▶ Action item: All of the records below need to be written out exactly, but without the pictures.

= Beginning of Section =

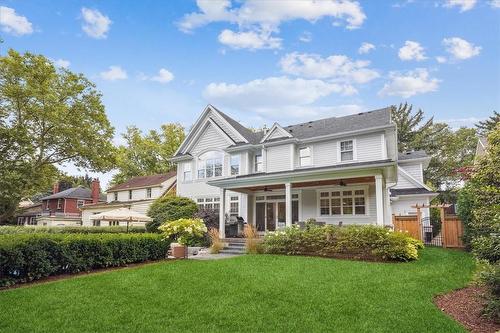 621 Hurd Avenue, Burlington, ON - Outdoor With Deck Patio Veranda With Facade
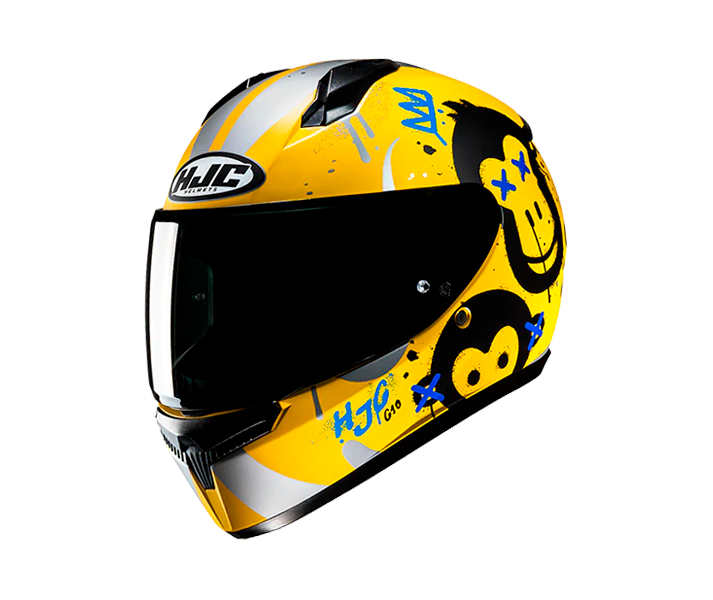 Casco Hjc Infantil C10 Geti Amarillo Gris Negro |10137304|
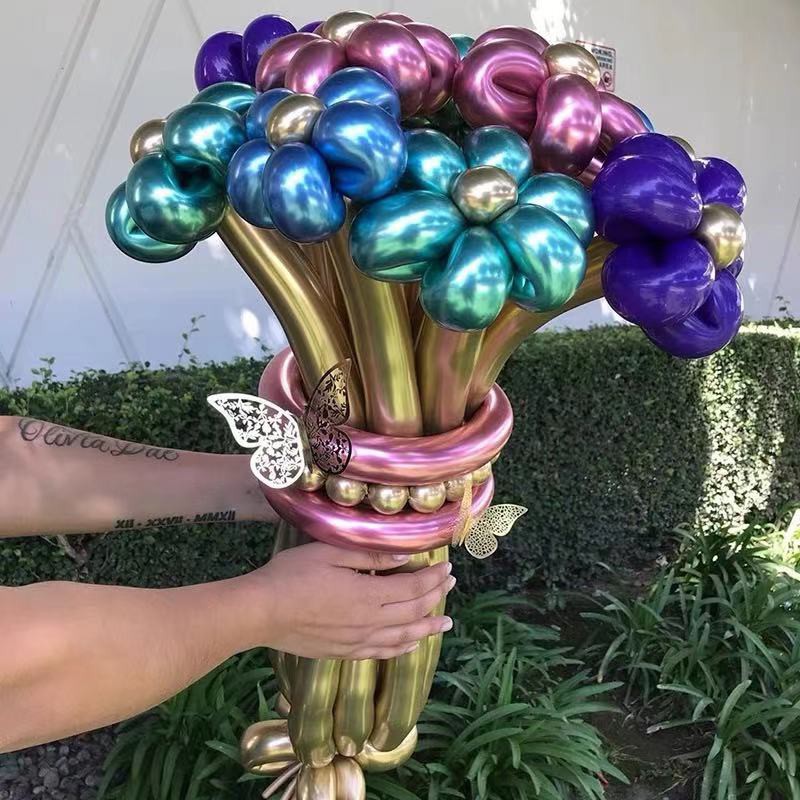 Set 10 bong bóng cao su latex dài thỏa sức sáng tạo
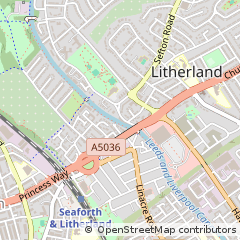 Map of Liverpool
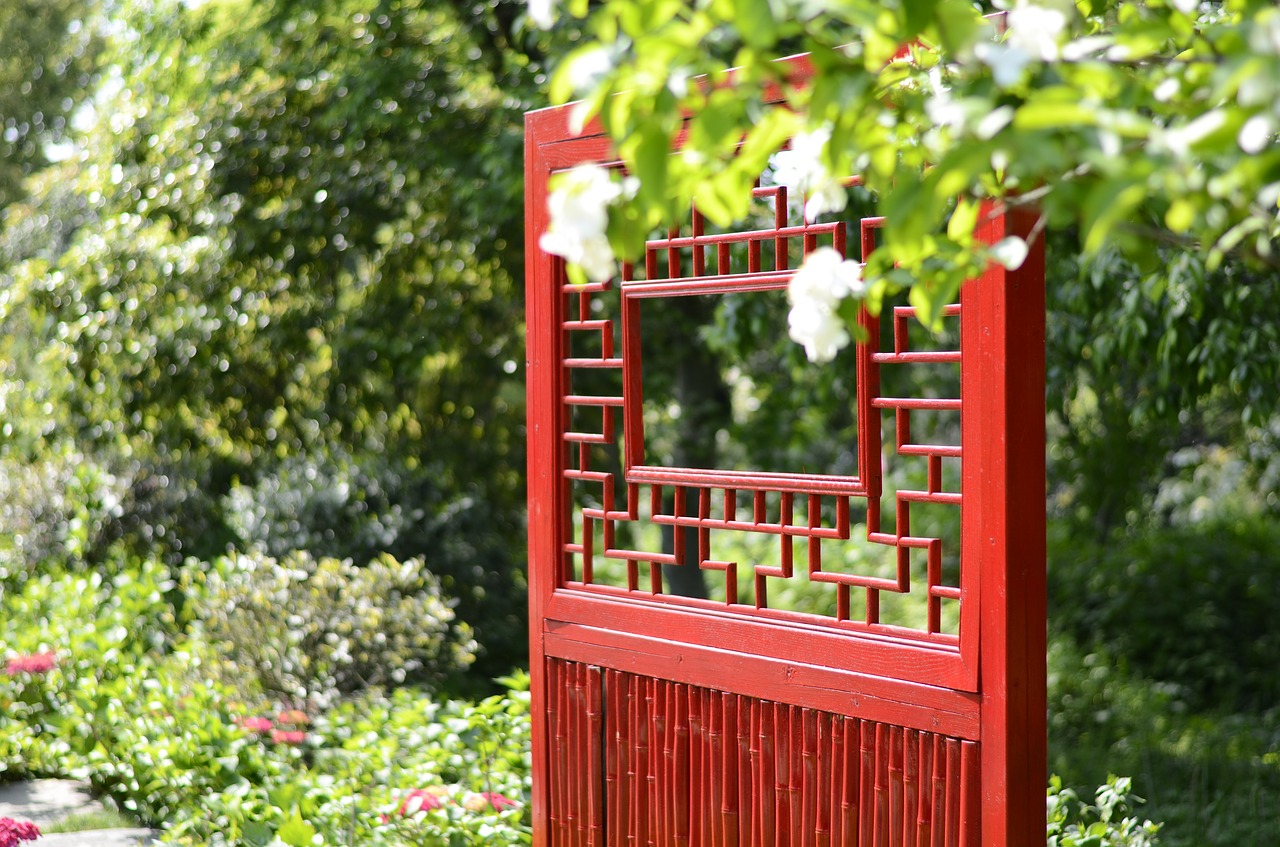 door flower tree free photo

= End of Section =

▶ Answer for the task:
 621 Hurd Avenue, Burlington, ON - Outdoor With Deck Patio Veranda With Facade
 Casco Hjc Infantil C10 Geti Amarillo Gris Negro |10137304|
 Set 10 bong bóng cao su latex dài thỏa sức sáng tạo
 Map of Liverpool
 door flower tree free photo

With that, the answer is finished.